[WHAT THE EXERCISE ASKS]: When you copy the material below, keep every line exact and drop the pictures.

[DATASET EXTRACT]:

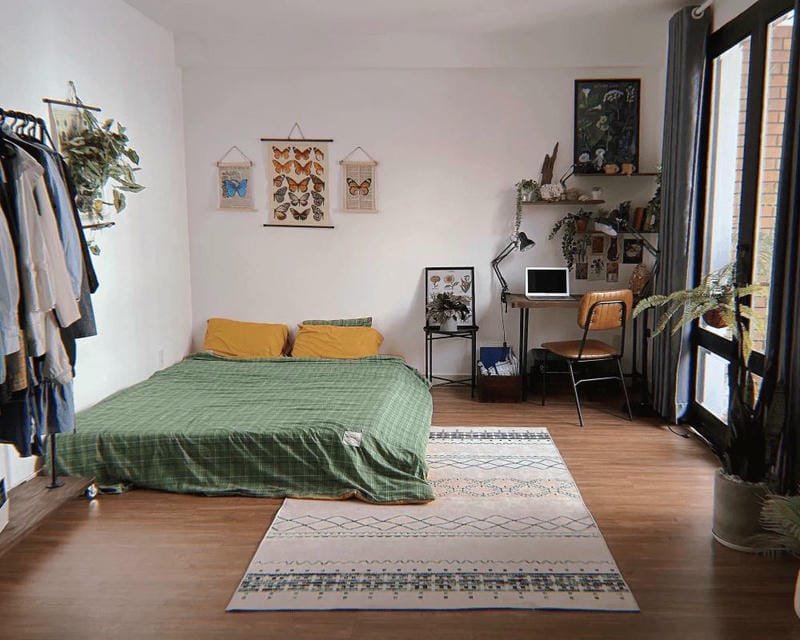 ảnh decor phòng trọ nhỏ nổi bật
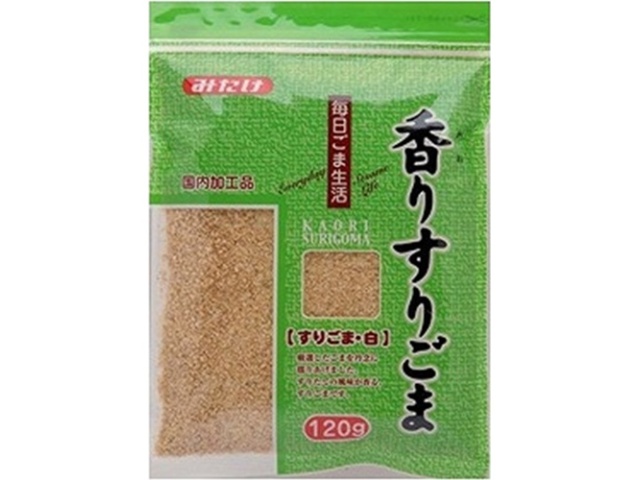 Mitake White Sesame Seeds, 120g (Pack of 20)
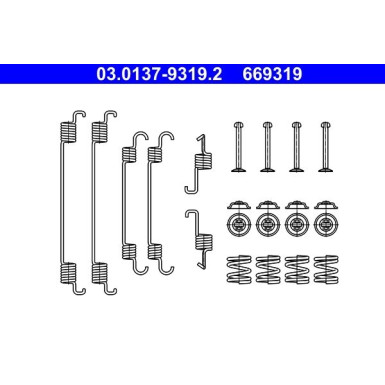 ATE | Zubehörsatz, Bremsbacken | 03.0137-9319.2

[ANSWER SECTION]:
 ảnh decor phòng trọ nhỏ nổi bật
 Mitake White Sesame Seeds, 120g (Pack of 20)
 ATE | Zubehörsatz, Bremsbacken | 03.0137-9319.2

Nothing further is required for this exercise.